Китайцы не могли помыслить ни одной вещи без присущего ей декора: у каждого животного и растения — свой узор, и не может быть государя без свиты, блюда без приправы, цветка без бабочки, а чувства — без соответствующего жеста. Речь идет не просто об орнаменте, а именно о декоруме как истинной внешности, которая, вечно устремляясь за пределы данного, установленного, понятого, являет собой, как ни странно, непосредственное преломление чистой внутренности, непрозрачной глубины жизненного опыта. Отсюда следует, помимо прочего, что китайский художник был призван, с одной стороны, схватить внутреннее качество созерцаемой картины, а с другой — передать это качество в очень условных, нормативных и по природе своей фрагментарных образах-знаках. Для него видимый мир был только отблеском, тенью, покровом, экраном реальности, но никто и не думал усомниться в его праве на творчество — ведь внутренняя реальность, подчиняясь принципу самопревращения превращений, пребывает именно в «ином», отчужденном образе. Нужно со всем тщанием и искренней любовью явить взору декорум бытия, красочную ширму реальности для того, чтобы открыть в глубине своего опыта нечто первозданное и несотворенное. То, что остается вне слов и образов, — и потому пребудет вовеки. Воистину, иносказание и, следовательно, в известном смысле ложь оказывается здесь самым прямым и искренним способом поведать правду.
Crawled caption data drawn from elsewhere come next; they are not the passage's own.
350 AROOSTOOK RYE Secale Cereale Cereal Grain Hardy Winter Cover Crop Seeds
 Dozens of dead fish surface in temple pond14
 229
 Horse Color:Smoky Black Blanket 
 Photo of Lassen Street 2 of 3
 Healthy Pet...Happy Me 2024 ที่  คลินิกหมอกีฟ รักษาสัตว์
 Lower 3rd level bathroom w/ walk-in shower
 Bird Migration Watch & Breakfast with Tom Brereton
Китайское хитроумие, китайская усложненность быта — это лишь средства открыть в себе радости душевного целомудрия. Конфуций потому и снискал прозвище «Учителя для всех времен», что учил не умному, даже не доброму, но непреходящему, вечному в этой жизни и не смущался тем, что самое долговечное в человеческом обществе может оказаться и самым обыденным. По его собственным словам, он «верил в древность и любил ее», ибо древнее было для него обозначением чего-то изначально заданного, вовеки сущего, вечноживого в человеческих делах — то есть традиции.
Все мысли Конфуция вращались вокруг загадки вечной жизненности ритуала — этого символического действия par excellence, которое таинственным образом возобновляет в человеческой жизни нечто безвозвратно ушедшее. Именно размышление о значимости ритуала должно, согласно Конфуцию, привести к рождению морального сознания: благодаря ритуалу каждый из нас открывает непреходящие качества своей жизни и делает свою субъективность объективной и общей, преобразуя личное в родовое. При этом символическое миропонимание Конфуция не проводит различия между должным и действительным: «правильный» поступок является для него единственно возможным, а потому воистину действенным.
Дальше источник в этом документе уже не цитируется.